(1.) In view of the commonality of the controversy involved in this batch of appeals, they were heard together and are being disposed of by a singular order. For the sake of convenience and clarity, the facts from LPA No.390/2010 arising out of WP(C) No.14178/2004 are adumbrated herein.
(2.) The appellants-workmen claimed to be the deemed employees of the management of Air India Limited and on this basis, disputes were raised and on eventual failure, the Central Government referred the disputes to the Central Government Industrial Tribunal (for short =the tribunal') for adjudication. It is worth noting that there were three identical references barring the change of names of the workmen. The terms of reference read as follows:
(3.) It was the case of the workmen before the tribunal that they were engaged on casual basis by the respondent-management in the Air India Ground Service Department Canteen, Indira Gandhi International Airport, New Delhi through Chefair, flight caterers, which was a unit of the Hotel Corporation of India (HCI), a Government Corporation, the respondent No.2 herein. It was urged that the canteen was established and maintained by the Air India under the provisions of Section 46 of the Factories Act, 1948 (for brevity =the 1948 Act') and by notification dated 21.1.1991, the Lt. Governor of Delhi had directed that Rules 65-70 of the Delhi Factories Rules, 1950 shall apply to the factories specified in the schedule to the said notification and as the Air India Ground Service Department Canteen finds mention at serial No.9., its workers were deemed to be the employees of Air India.

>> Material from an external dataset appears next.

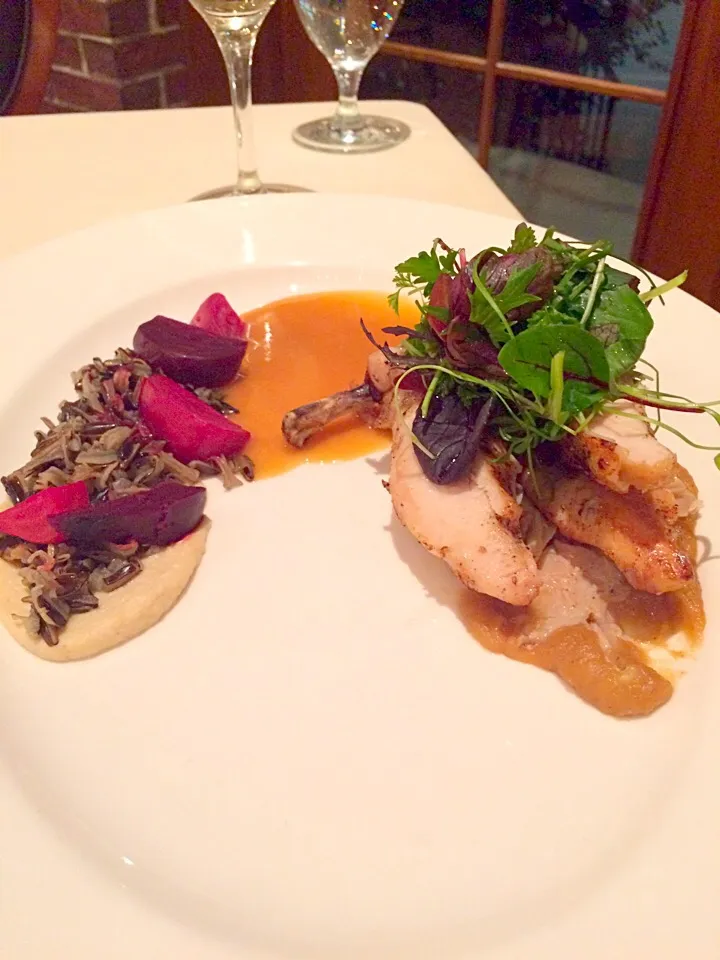 Roasted chicken w wild rice medley @ CIA American Bounty 2/14/17|Morcone Girlsさん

It was asserted before the tribunal that HCI had entered into a contract with the respondent Air India to maintain and run the said canteen which was a maladroit device to circumvent various provisions of the Contract Labour (Prohibition and Abolition) Act, 1970 (for short =the 1970 Act') and that the workmen were performing duties which were permanent, perennial in nature and continuously required by the Air India but were paid wages less than the wages paid to regular employees performing the same duties. On the aforesaid foundation, the workmen claimed regularization of service with back wages. As the employees were disengaged during the pendency of the dispute, the same was also assailed under Section 33-A of the Act.